Who out there who isn’t a basketball fan, doesn’t remember Laettner’s shot against Kentucky? Or Webber’s time-out against UNC? Or Drew’s last minute shot? Or the stories? Tubby Smith leading Adolf Rupp’s Kentucky to a national championship? Jayson Williams taking care of his younger brothers and sisters and excelling at basketball? The father and son duo of the Drews at Valpariso?
Duke, although looking at their season so far, they aren’t really that great, good, but not great, is always my sentimental favorite, who I always want to win the Dance.

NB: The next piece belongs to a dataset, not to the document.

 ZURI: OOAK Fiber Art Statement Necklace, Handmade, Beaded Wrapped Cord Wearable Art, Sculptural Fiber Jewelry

I think Mike Krzyzewski is one of the greatest coaches in basketball, pro or college, who graduates a high number of his players and to my knowledge, has only one season taken away by the NCAA.
Baylor’s a great story, some what like a phoenix rising from its ashes, I mean a player killed another player and the coach helped to cover it up and now they’re one of the long-shot favorites. I’m not too sure about the stories that hint the coach illegally recruited, because this is a situation that appeals to a player’s ego…they can help in rebuilding a troubled school.
It’s a bit sad that some people are trying to figure out if John Calipari can vacate three Final Four appearances with three different schools.
And in other news, the Secretary of Education, Duncun, wants to make college basketball schools have a 40% graduation rate over a six year period in order to be eligible to play in the Big Dance. I do agree that there should be equal push for the student part of the student-athlete. But how can you justifiably punish student-athletes who did have anything to do with the low graduation rate? How do you account for those who leave school, transfer, opt out for the pros, or even are on the ten-year plan?
Regardless, I’m just going to sit back and enjoy the games and listen to the stories that come with the Dance.